Neues Denken

Nachdem die Illusionen der Moderne geplatzt sind, suchen die Menschen wieder nach Sinn und neuer Orientierung. Die alten Paradigmen sind überall gescheitert, und die alten Systeme und Institutionen werden ihren Aufgaben nicht gerecht. Wenn die Moderne die Zeit des Kontrollieren- und Beherrschen-Wollens war, scheint jetzt eine neue Sehnsucht nach Harmonie und Regeneration aufzukommen. Alle Bereiche der Gesellschaft benötigen neue Werte und eine neue Ausrichtung:

  • Das Wirtschaftsleben auf der Grundlage von Ausbeutung und Zinseszins erzeugt immer größere Ungleichgewichte, wahrscheinlich bis zum nächsten Kollaps. Immer mehr Unternehmer streben inzwischen nach echter Nachhaltigkeit, nach Respekt und Ehrlichkeit im Umgang und nach neuen und gerechten Strukturen, die allen Menschen dienen.
  • Bildung hat bisher nicht den Menschen in den Mittelpunkt gestellt, sondern sein Funktionieren  in fremdbestimmten Situationen. Diese Ausrichtung erzeugt in Schulen eine krankmachende Atmosphäre, auf die immer mehr Kinder mit „Verhaltensstörungen“ aller Art reagieren. Nun kommen zunehmend Ideen und Ansätze auf, die ein selbstbestimmteres und kreativeres Lernen ermöglichen.
  • In der etablierten Medizin wurde bisher der Mensch auf seinen Körper reduziert, und dieser wurde als eine Art Maschine betrachtet und behandelt. Da sich so nichts an den krankmachenden Lebensumständen der Menschen ändert, reagieren sie mit immer neuen und oft chronischen Erkrankungen. Die unspezifischen, schwer behandelbaren Syndrome (wie Burnout) nehmen zu. Inzwischen steigt aber auch das Interesse an ganzheitlichen Ansätzen stark an. Bücher über spirituelles Heilen werden Bestseller, und viele Menschen beschäftigen sich mit Energiearbeit, Aufstellungen und Methoden, deren Wurzeln im Schamanismus und in der alten Volksheilkunde liegen.
  • Um das Zinssystem aufrechterhalten zu können, muss die kapitalistische Wirtschaft grenzenlos wachsen. Profitmaximierung ist deshalb zum höchsten Wert geworden.

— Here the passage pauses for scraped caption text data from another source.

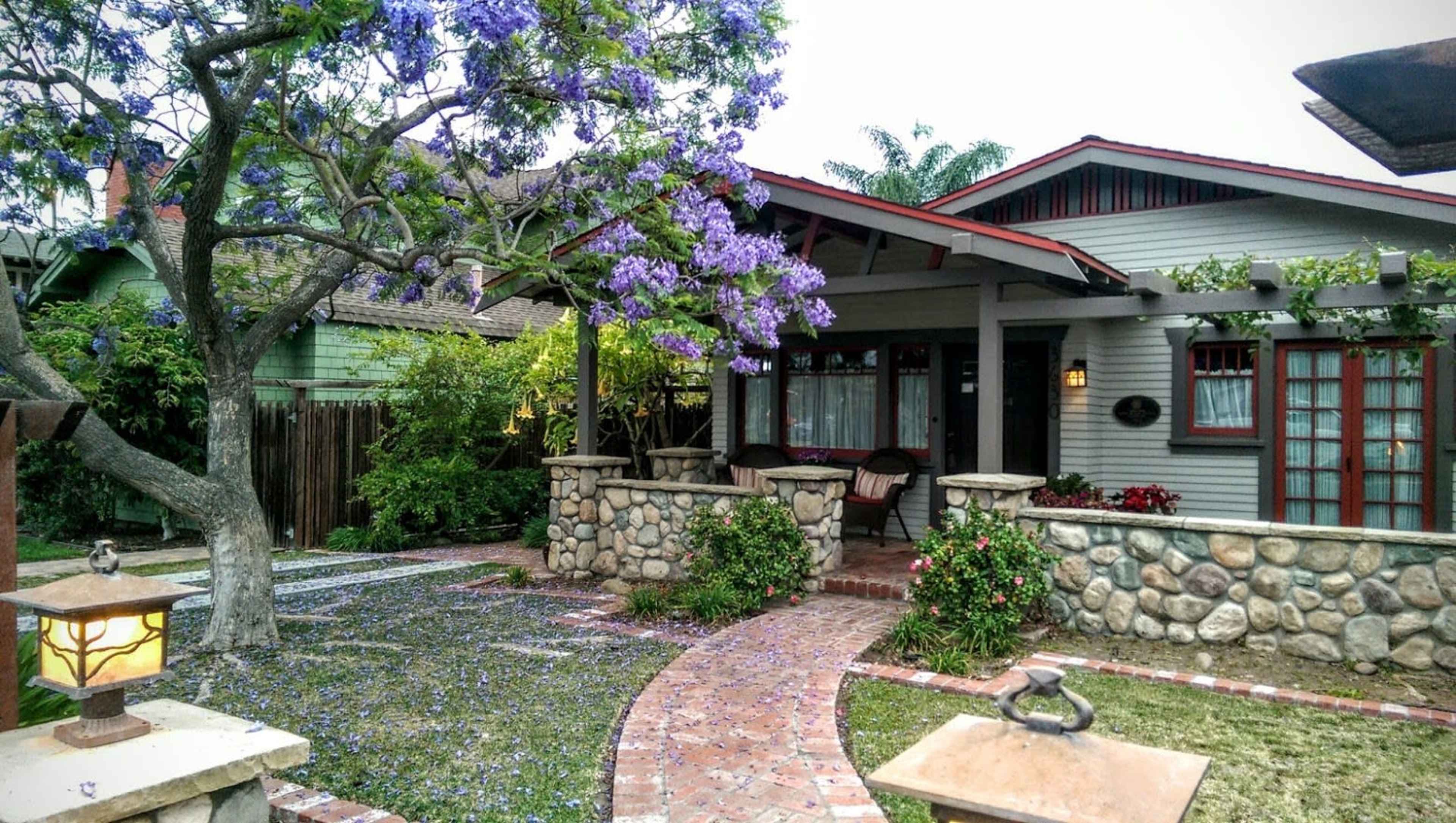 A charming bungalow features a stone pathway leading to its front porch, surrounded by a landscaped yard with purple flowering trees.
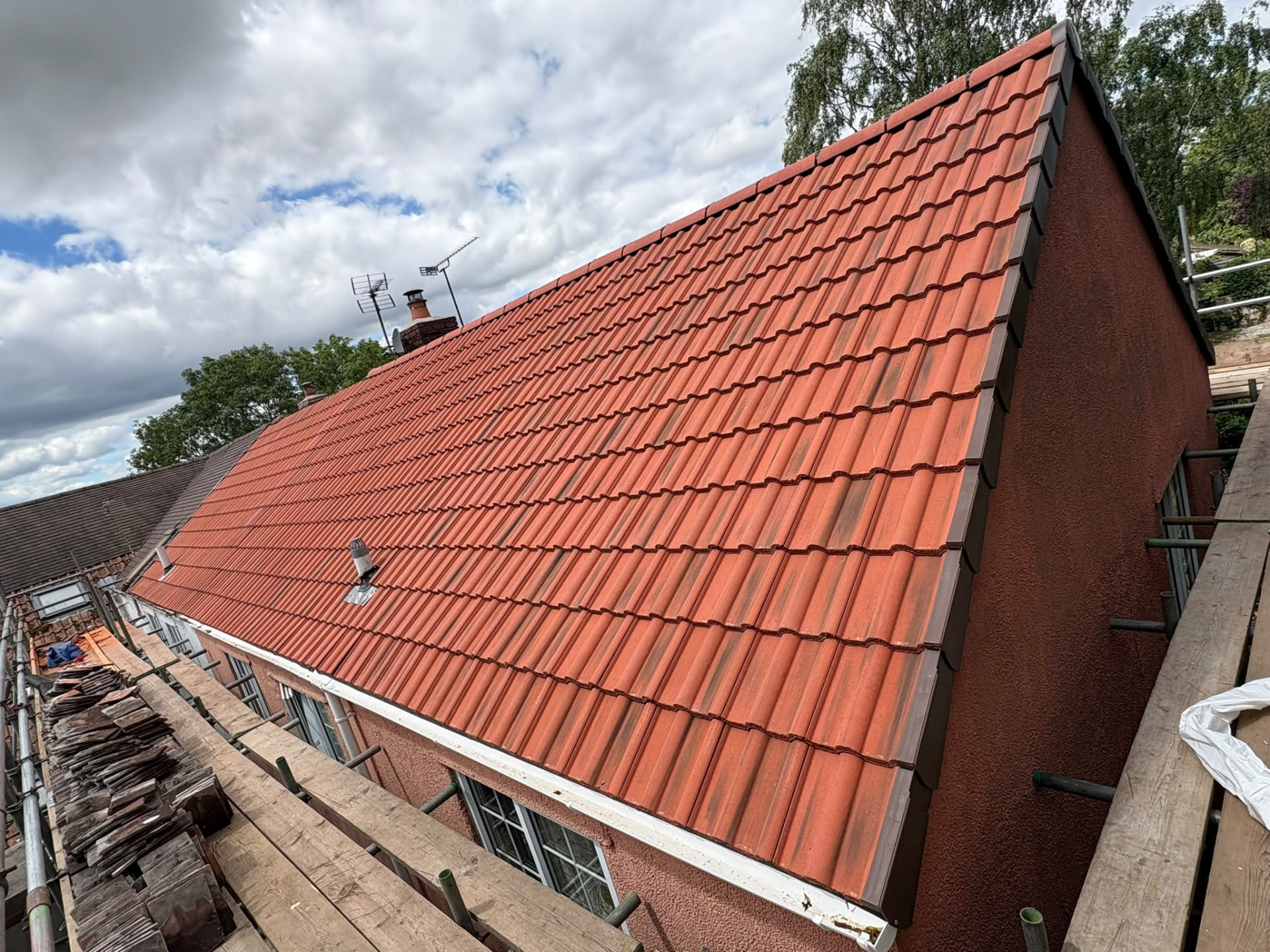 Completed red tile re-roof with dry verge, seen from the scaffold, Somerset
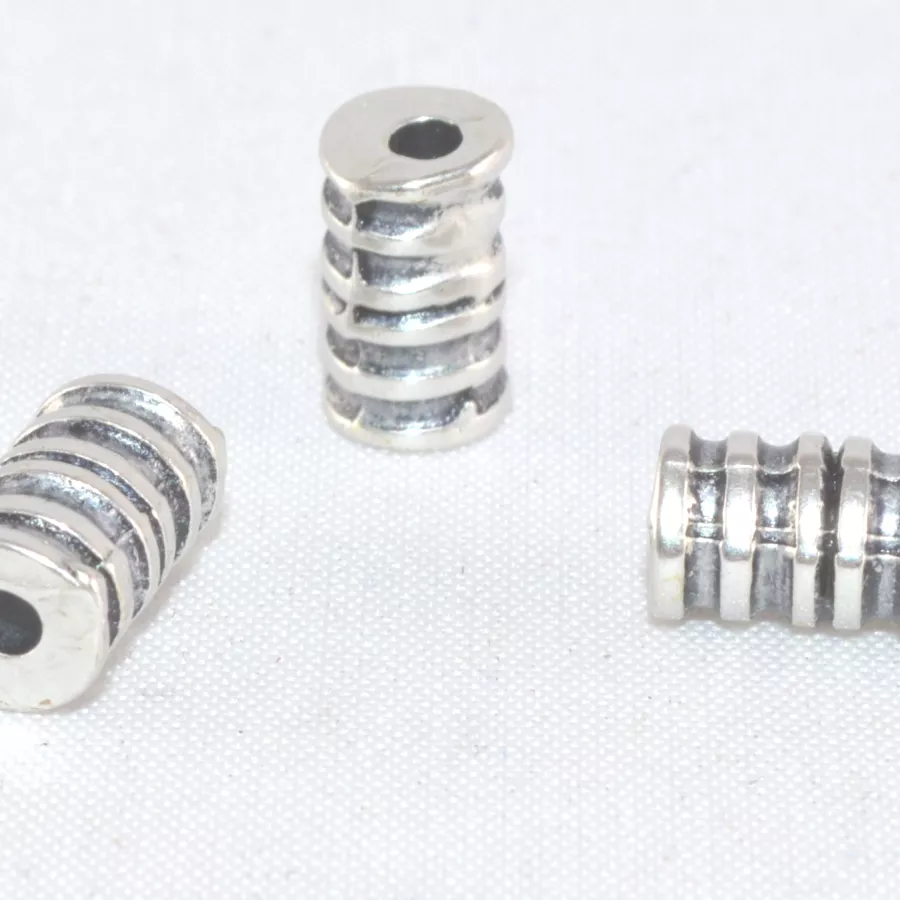 Intercalaire en forme cylindrique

Dem wurde auch die Landwirtschaft untergeordnet und die Nutzung der Umwelt allgemein. „Agrarwüsten“ prägen heute das Landschaftsbild und die Natur wurde in den letzten Jahrzehnten immer mehr den technischen Bedürfnissen des Menschen angepasst. Seit einiger Zeit gibt es aber ein neues Streben nach Lebensqualität, welches auch neue Werte aufkeimen lässt. Es gibt zunehmend ökologische Projekte, Renaturierungsprojekte und Menschen, die im Einklang mit der Umwelt leben wollen.
  • Die alten Rollenbilder und Beziehungsideale funktionieren nicht mehr. Ein neues Maß an Authentizität ist überall gefordert, und ein neuer Pluralismus fordert jeden dazu heraus, seinen individuellen Standpunkt zu finden und seine eigenen Werte zu leben.
  • Die großen gesellschaftlichen Ideologien sind gescheitert. Das ruft wieder die Philosophie auf den Plan, die jahrzehntelang praktisch keine Rolle mehr gespielt hat. Auch die Suche nach einer neuen Spiritualität und einem neuen Menschenbild bewegt heute große Teile der Bevölkerung.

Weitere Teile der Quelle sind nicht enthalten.